By David R. Adler on July 1, 2003
It’s raining lightly in Harlem, but the day’s business is taking place indoors, in a funky, Afrocentric boutique known simply as “The Brownstone.” Tony Haywood, the founder of HiPNOTIC records, is up fromWashington D.C. to supervise a photo shoot for guitarist Jeff Ray‘s The Walkup, the next CD slated for release on the label. (Full disclosure: I wrote the liner notes for The Walkup.)

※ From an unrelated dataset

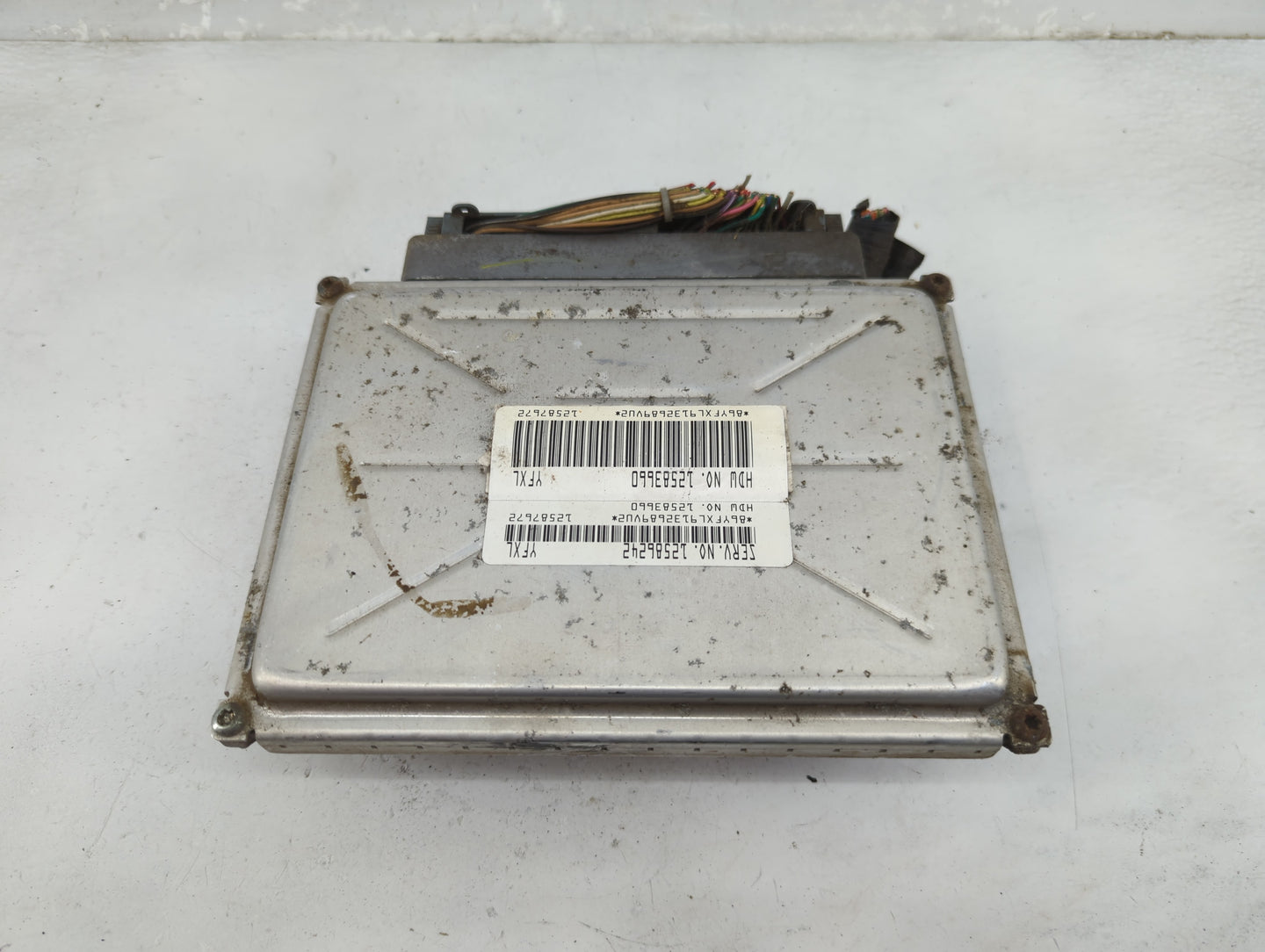 2003-2005 Chevrolet Silverado 1500 PCM Engine Control Computer ECU ECM PCU OEM P/N:12583660 12586242 Fits Fits 2003 2004 200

The Brownstone’s lightswitch covers are delicately hand-painted; its fully functional hair salon looks and feels more like a living room. A tall, slender African-American woman carefully irons the shirts that Ray will soon pose in. Meanwhile, Ray relaxes in a T-shirt and sweats, listening to his own record on a boombox cranked to high volume. The drummer on the album, Victor Wise, sips a Heineken as he browses the nearest available magazine, Manhattan Bride. Haywood is positioned, smiling and stock-still, on the impressive wooden staircase, standing in as a model while the crew adjusts its lights and equipment. The photographer is Haywood’s cousin. It doesn’t get much more “indie” than this.
HiPNOTIC is the ultimate labor of love and still in its formative stages, with only five releases as of this writing (including The Walkup). There’s a good reason for Haywood’s relatively slow pace: “day gig” doesn’t begin to describe his work as minority counsel for the House Committee on Government Reform.